Web page caption snippets:
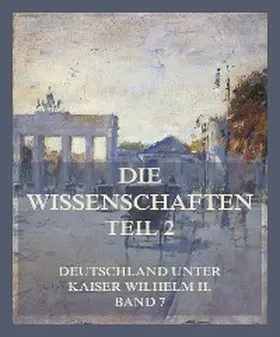 Krause / Küttner / Rumpf |  Die Wissenschaften, Teil 2 | eBook | Sack Fachmedien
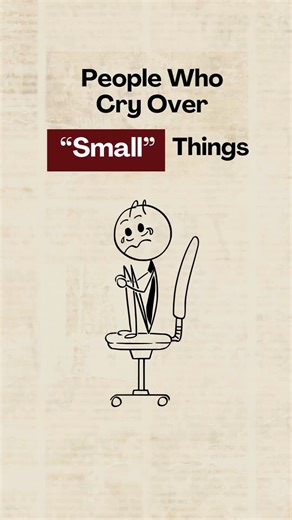 Psychology of People Who Cry Over “Small” Things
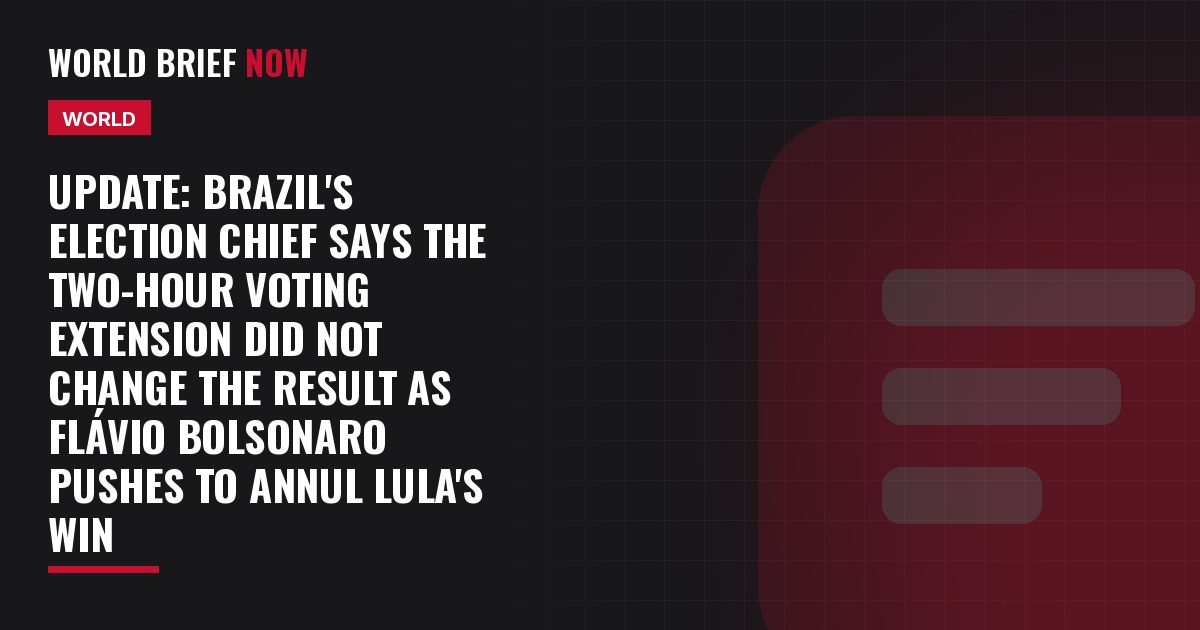 Update: Brazil's election chief says the two-hour voting extension did not change the result as Flávio Bolsonaro pushes to annul Lula's win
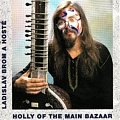 Holly Of The Main Bazaar - CD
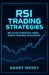 RSI Trading Strategies: Relative Strength Index Based Trading Strategies 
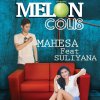 Mahesa - Album Melon Colis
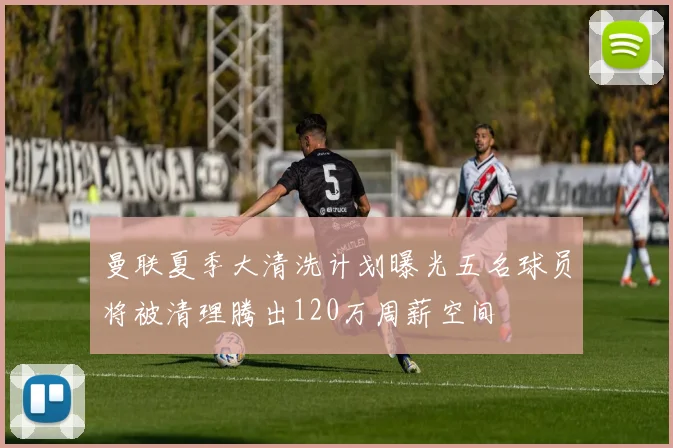 曼联夏季大清洗计划曝光五名球员将被清理腾出120万周薪空间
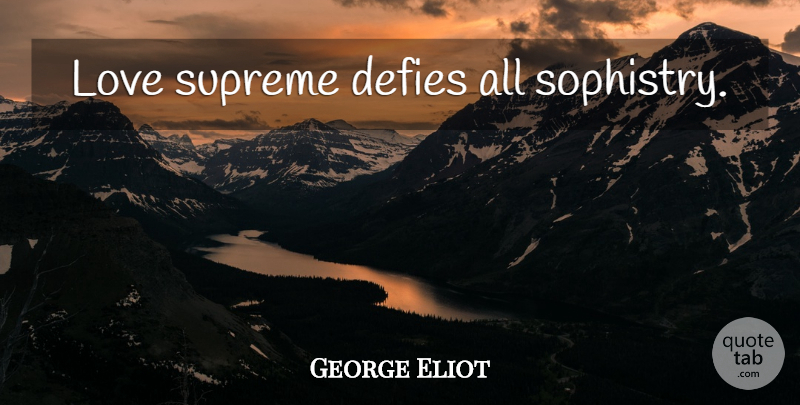 George Eliot Quote About Love, Sophistry, Supreme: Love Supreme Defies All Sophistry...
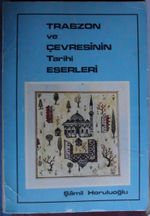 Trabzon ve Çevresinin Tarihi Eserleri (Kod:6-A-48)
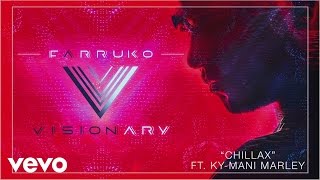 Farruko  Chillax Cover Audio ft KyMani Marley [upl. by Christensen]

ASSIGNED TASK —
Repeat every record precisely. Any picture among them stays out of the copy.

TASK RESULT —
 Krause / Küttner / Rumpf |  Die Wissenschaften, Teil 2 | eBook | Sack Fachmedien
 Psychology of People Who Cry Over “Small” Things
 Update: Brazil's election chief says the two-hour voting extension did not change the result as Flávio Bolsonaro pushes to annul Lula's win
 Holly Of The Main Bazaar - CD
 RSI Trading Strategies: Relative Strength Index Based Trading Strategies 
 Mahesa - Album Melon Colis
 曼联夏季大清洗计划曝光五名球员将被清理腾出120万周薪空间
 George Eliot Quote About Love, Sophistry, Supreme: Love Supreme Defies All Sophistry...
 Trabzon ve Çevresinin Tarihi Eserleri (Kod:6-A-48)
 Farruko  Chillax Cover Audio ft KyMani Marley [upl. by Christensen]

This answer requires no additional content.